◆ **What the exercise asks**:
Filter the listing below down to the lines containing the word "detailed".

◆ **Data to process**:
++++

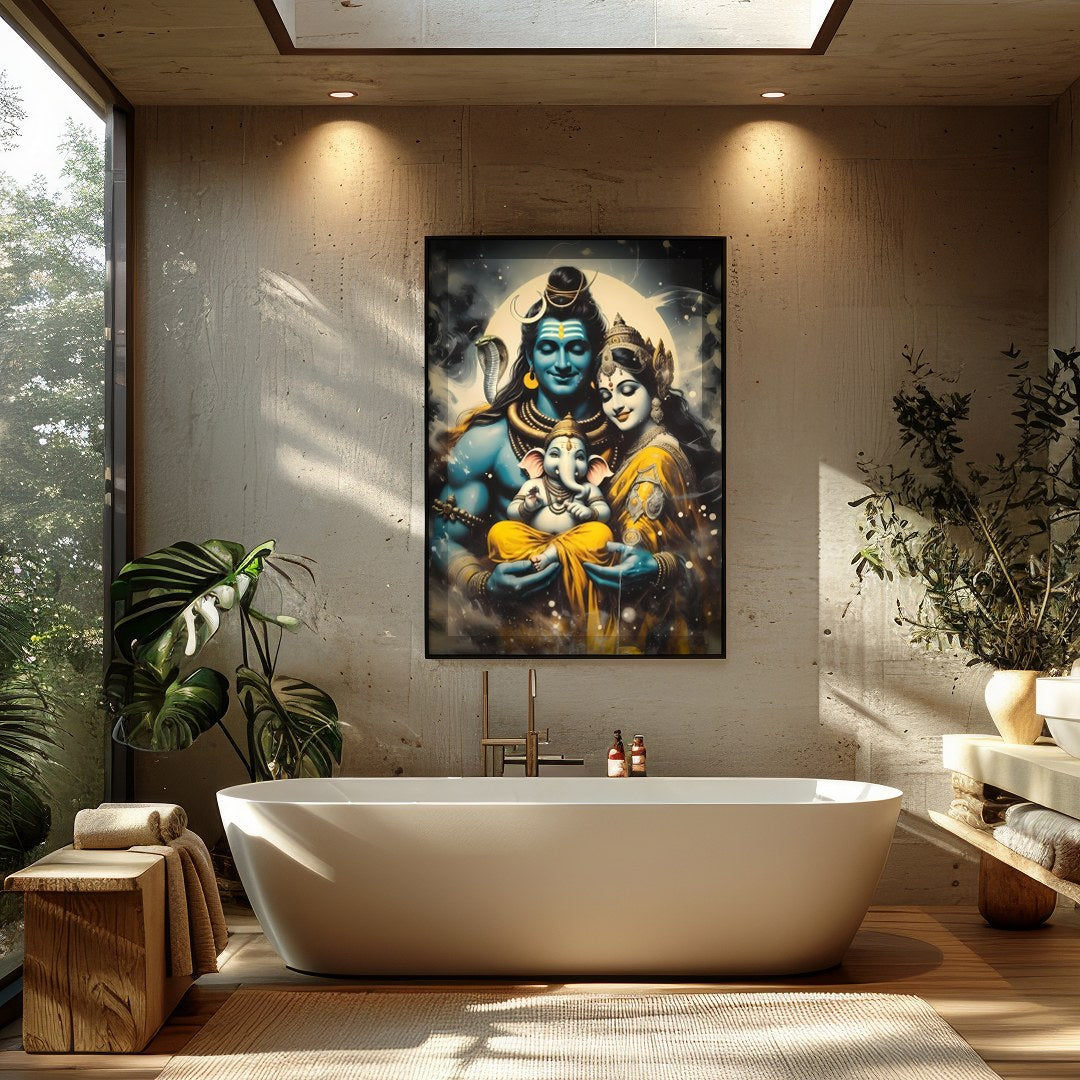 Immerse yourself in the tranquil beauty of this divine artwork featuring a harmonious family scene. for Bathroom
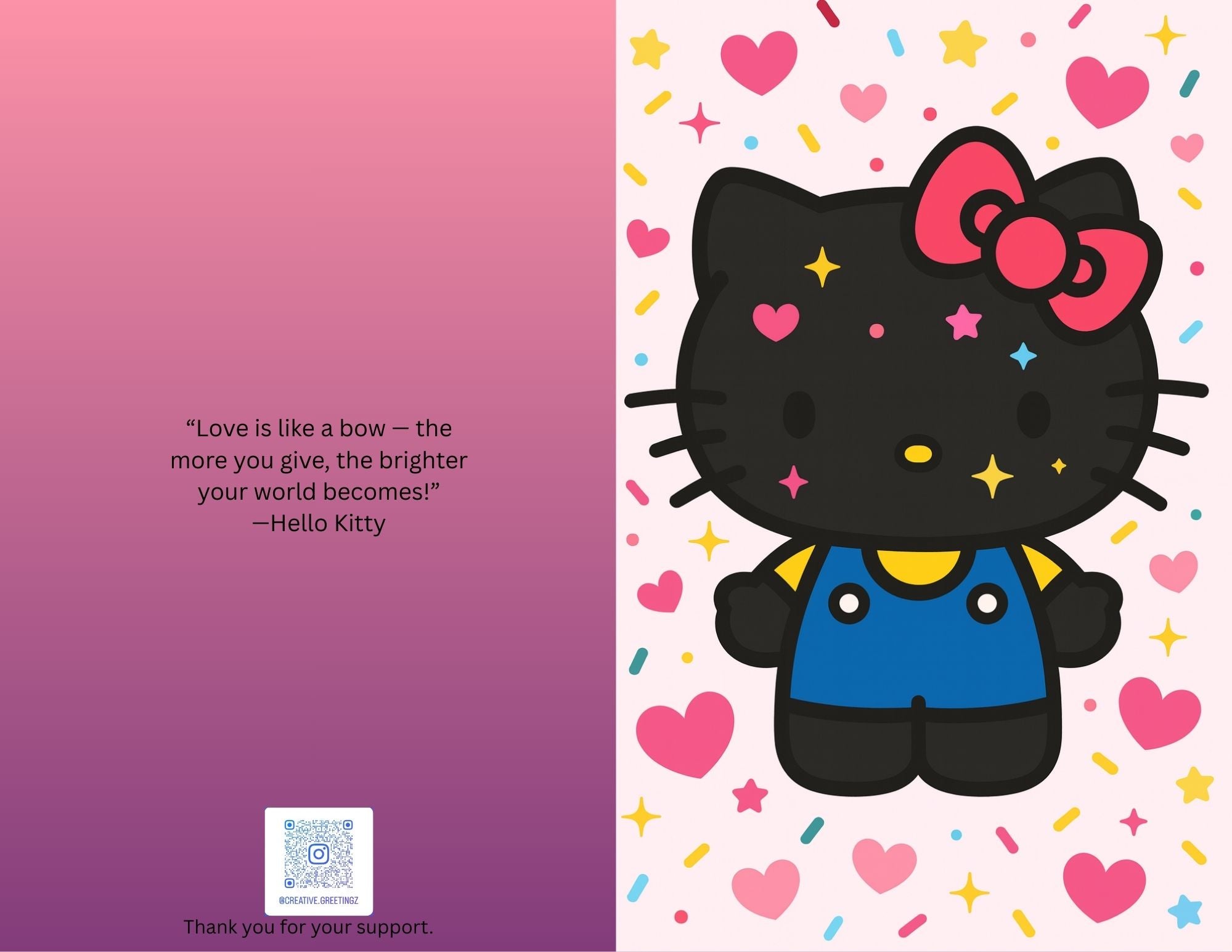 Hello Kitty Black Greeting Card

++++

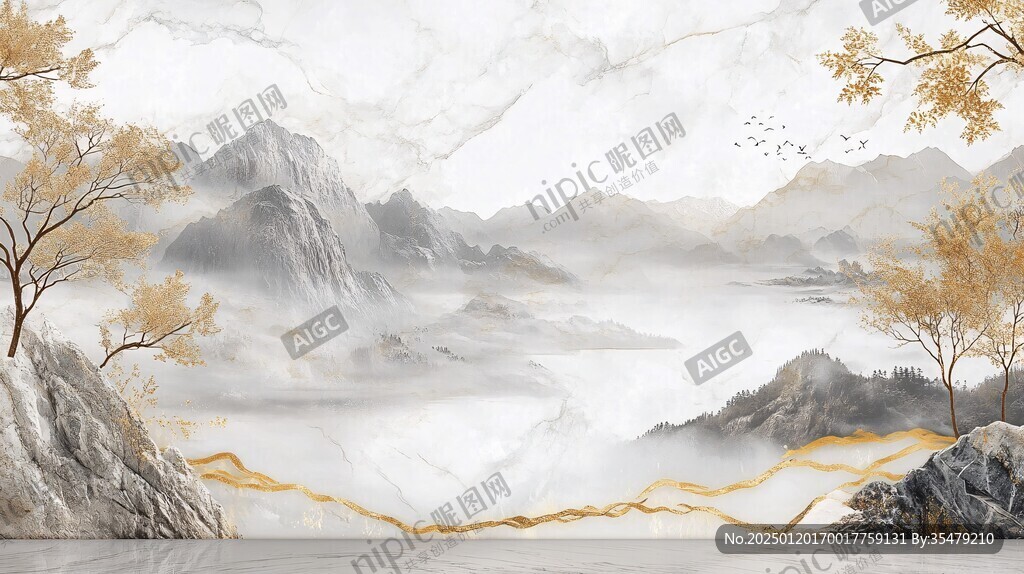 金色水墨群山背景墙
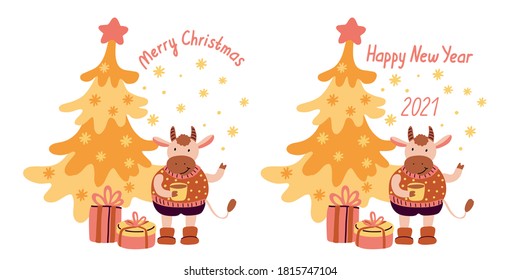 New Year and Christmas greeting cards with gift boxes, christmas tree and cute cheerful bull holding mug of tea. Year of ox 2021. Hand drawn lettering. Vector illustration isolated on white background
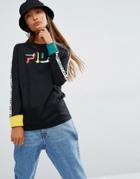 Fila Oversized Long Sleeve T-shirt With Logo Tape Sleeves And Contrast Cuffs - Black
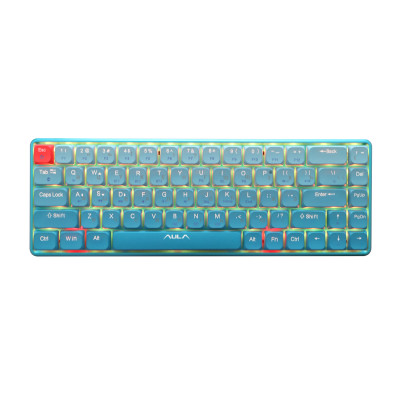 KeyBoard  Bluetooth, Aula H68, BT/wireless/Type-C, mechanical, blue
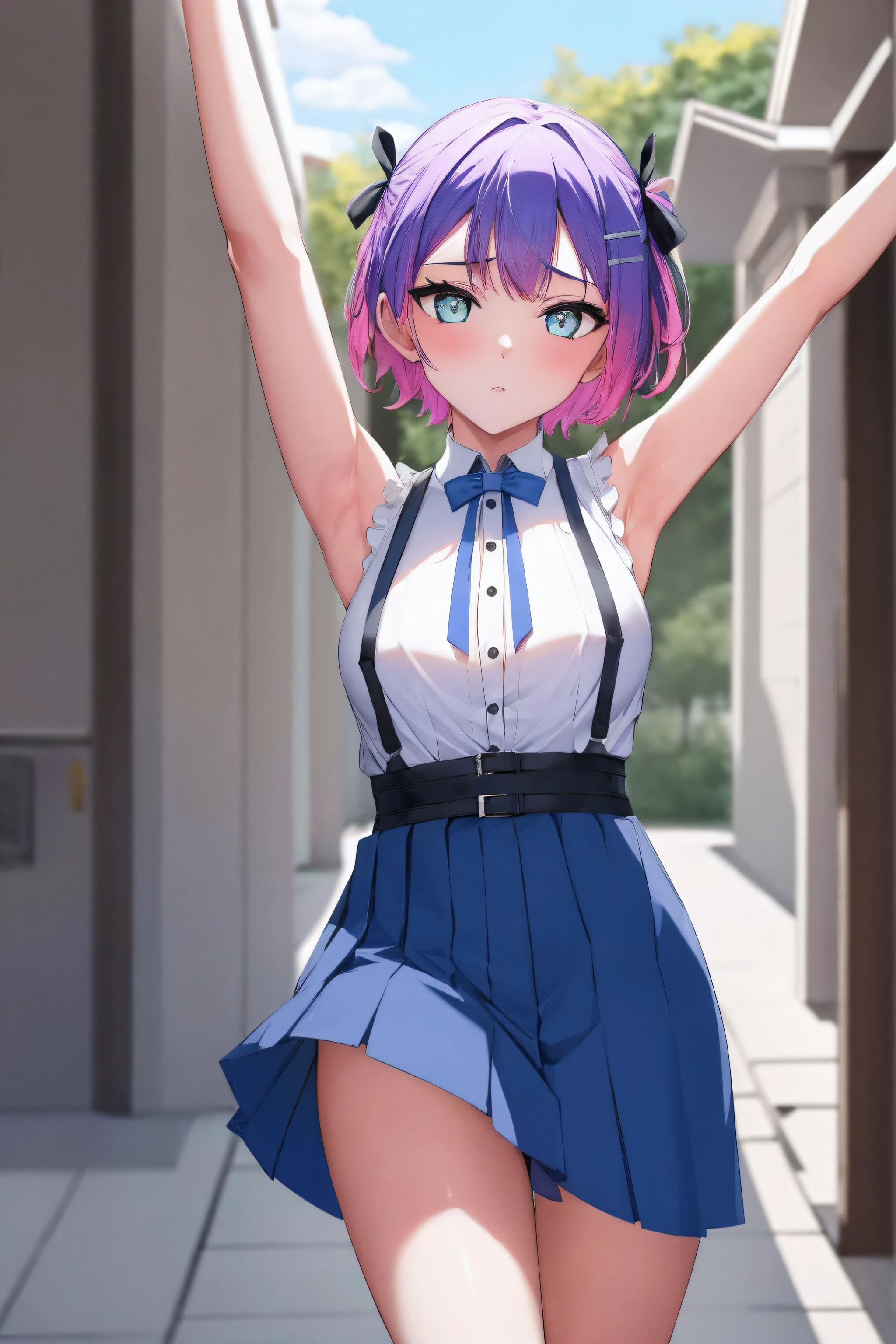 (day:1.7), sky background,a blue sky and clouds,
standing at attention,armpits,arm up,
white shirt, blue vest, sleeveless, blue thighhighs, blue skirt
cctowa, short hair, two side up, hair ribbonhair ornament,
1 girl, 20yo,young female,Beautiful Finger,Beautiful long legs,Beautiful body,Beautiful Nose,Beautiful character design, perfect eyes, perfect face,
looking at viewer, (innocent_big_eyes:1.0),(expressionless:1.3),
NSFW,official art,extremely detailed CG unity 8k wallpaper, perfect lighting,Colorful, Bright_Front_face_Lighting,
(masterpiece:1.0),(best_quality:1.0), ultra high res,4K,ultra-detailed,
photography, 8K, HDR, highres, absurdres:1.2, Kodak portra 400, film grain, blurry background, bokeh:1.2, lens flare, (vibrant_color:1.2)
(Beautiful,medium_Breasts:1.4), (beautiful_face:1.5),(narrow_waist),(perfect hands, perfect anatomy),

++++

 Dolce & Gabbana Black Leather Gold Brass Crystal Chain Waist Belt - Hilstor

++++

◆ **Answer to the problem**:
NSFW,official art,extremely detailed CG unity 8k wallpaper, perfect lighting,Colorful, Bright_Front_face_Lighting,
(masterpiece:1.0),(best_quality:1.0), ultra high res,4K,ultra-detailed,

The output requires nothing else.